Просто приходил ни с того ни с сего день, и Филипп просыпался в несусветную рань от внезапной бодрости. Утро, огромное, как нетронутый материк, простиралось перед Филиппом, грядущая праздность своими куполами уходила ввысь, и неизбежные труды едва брезжили сквозь двухчасовую пустоту. Объяснить себе эту пустоту Гордеев не пытался, он лишь видел, что пока она длится, каждое, даже самое ничтожное деяние, наполняющее ее, приобретает неожиданный вес. На первых порах Гордееву казалось, что приславшие пустоту ожидают от него чего-то несравненно большего, чем приготовление завтрака и неспешное чтение за едой, но как-то во время одной из таких блистательных пауз он сообразил, что ожидай его благодетели радикально иных свершений, вряд ли они стали бы вознаграждать его восторгом, столь захватывающим и полным.

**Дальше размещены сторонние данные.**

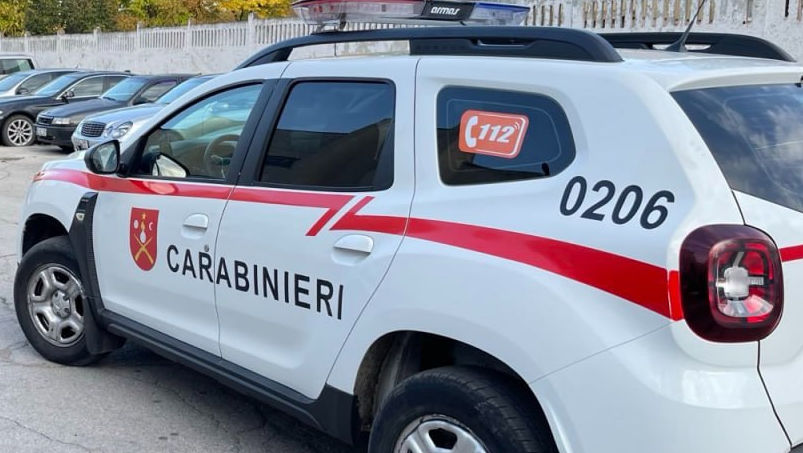 Un adolescent, aflat în căutare pentru furt, reținut de carabinieri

С тех пор Филипп успокоился и даже перестал задумываться, откуда берется утренняя пауза. Лишь изредка, как эхо посещающей его пустоты, он ощущал благодарность, исходящую от него и никому специально не адресованную.
Итак, в одно из блистательных утр, а именно тринадцатого сентября 2001 года в половине седьмого часа Филипп Гордеев, осыпанный каплями из душа, как молодой лопух росою, достал из холодильника бледный калач и заварил кофе. Оставалось начать главную часть праздника, и тут позвонили. Гордеев так удивился, что забыл надеть хотя бы трусы.

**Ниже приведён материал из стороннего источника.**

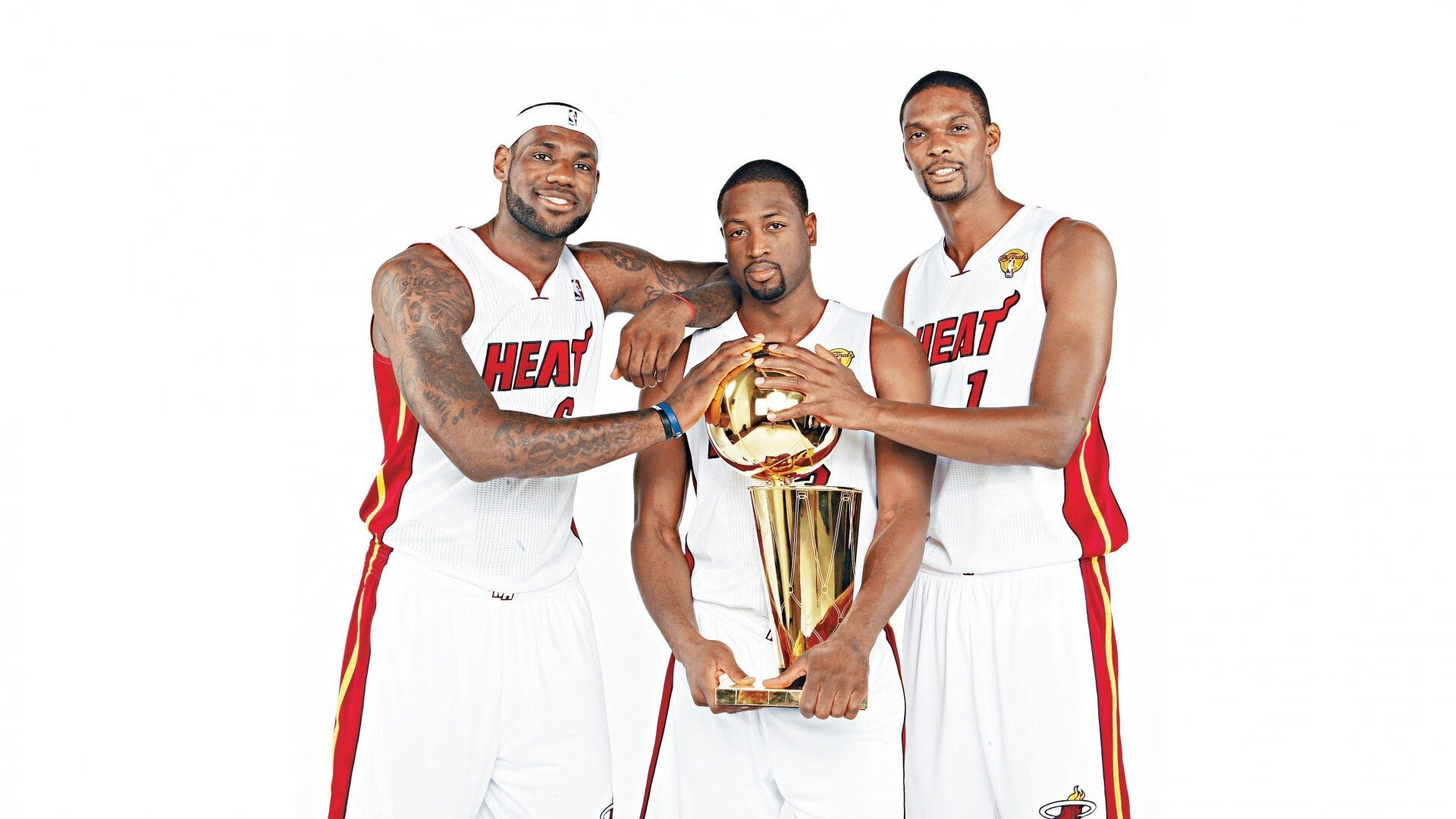 赛道与球场,当F1揭幕战之夜遇上魔术师的胜利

На площадке стоял Кукольников. Молча он шагнул в квартиру и закрыл за собой дверь.
– Если мы сейчас не поговорим, – сказал Кукольников, – черт знает что будет.
Вот тут зазвонил телефон. Георгий Кукольников сделал извиняющее движение рукой, и Филипп увидел багровую полосу, которая начиналась от запястья и уходила под закатанный рукав (сентябрь стоял теплый). Гордеев почему-то расстроился из-за этой ссадины и еще успел удивиться своему расстройству, когда из трубки повалил голос Максима Родченко.